What to produce
Return the lines of the data below starting at the one holding "This will ensure" and ending at the one holding "Hello guys, today", word for word, leaving every picture out.

Records supplied
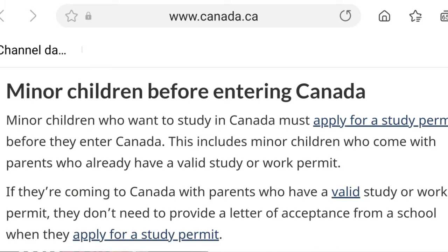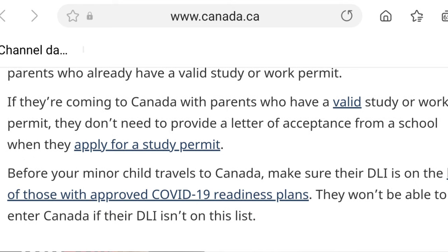From the IRCC website — 'Minor children before entering Canada': Minor children who want to study in Canada must apply for study permits before they enter Canada. This includes minor children who come from parents who already have a valid study or work permit. If they are coming to Canada with a parent who has a valid study or work permit, they don't need to provide a letter of acceptance from a school when they apply for a study permit.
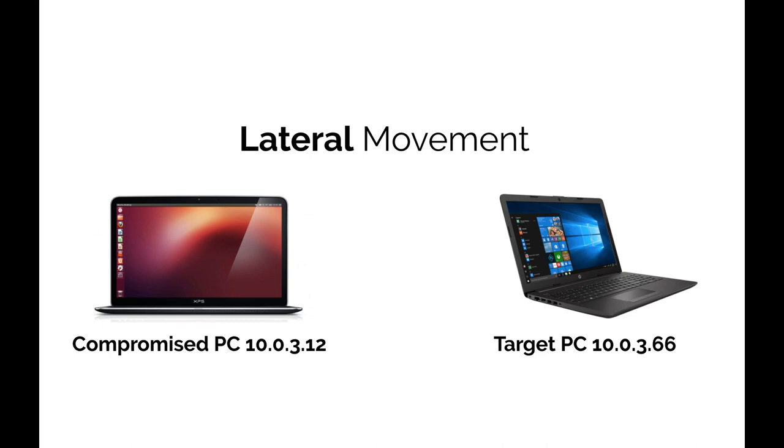Lateral movement within your network can be filtered easily using Wireshark. Coming up!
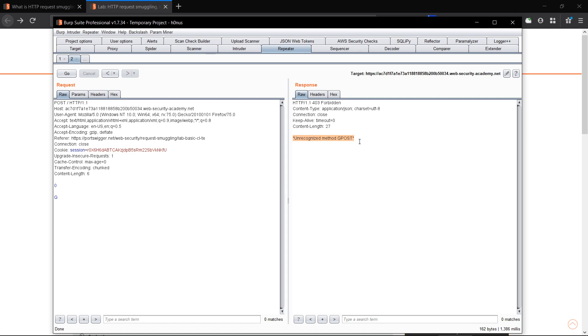G POST - so here G is the unprocessed value and POST is the request that we have sent. So here we have completed the lab, and thank you for watching.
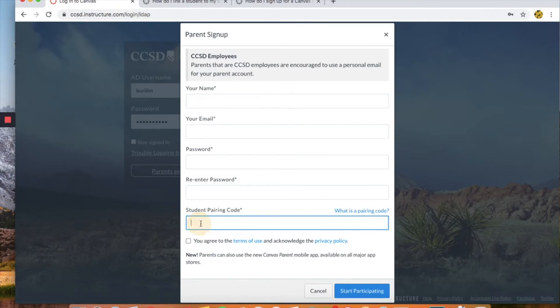To find out where your child's pairing code is, you actually need your child to log in and go into their account settings.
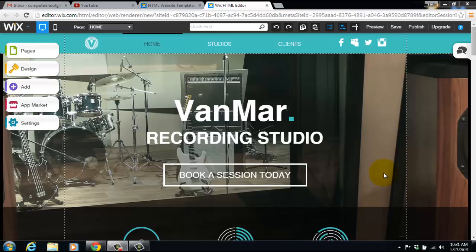What is up guys? ComputerMDofGilbert here, and today continuing on in our Wix tutorial series. Got tons of videos ready for you guys and I'm excited to get started. So let's hop right into today's Wix tutorial, which is how to add a Spotify follow button onto your Wix website.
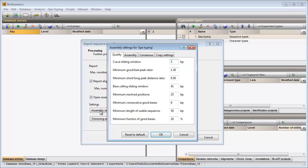Pressing the assembly settings button allows me to change the assembly settings for the spot typing experiment. I will use the default suggested settings so I can press cancel to close the dialog.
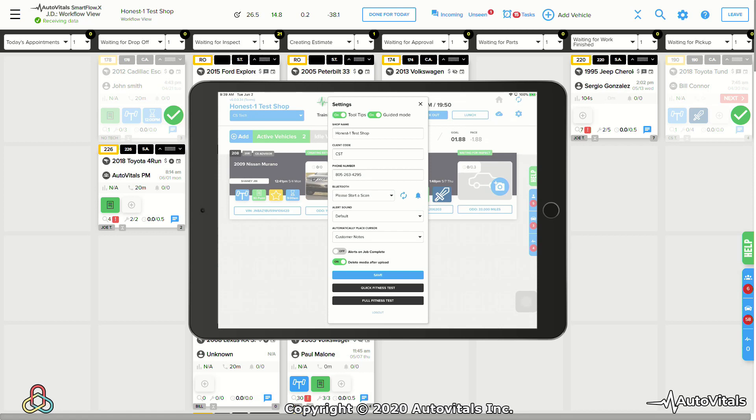This will ensure consistency on the inspection process on both the technician and service advisor's end, as well as making it easy to train new members on the digital platform. As you explore these and additional functionality on TVPX, I encourage you to use the built-in help as you get familiar with TVPX.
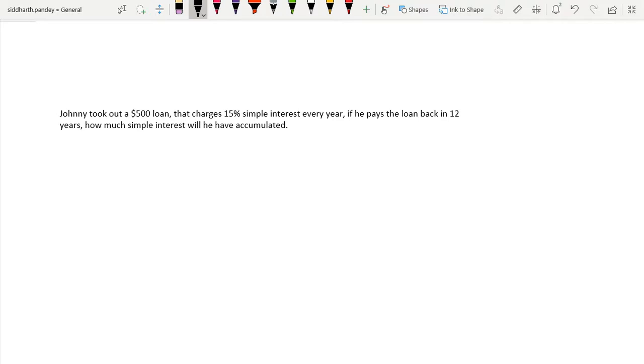Hello guys, today we will be calculating accumulated simple interest.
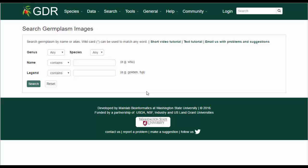The search can be restricted by genus and species, germplasm name, and keywords in the legend of the image. If you are looking for images of a specific germplasm, you can search for that germplasm by name by entering the name in the name category.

Exercise answer
This will ensure consistency on the inspection process on both the technician and service advisor's end, as well as making it easy to train new members on the digital platform. As you explore these and additional functionality on TVPX, I encourage you to use the built-in help as you get familiar with TVPX.
Hello guys, today we will be calculating accumulated simple interest.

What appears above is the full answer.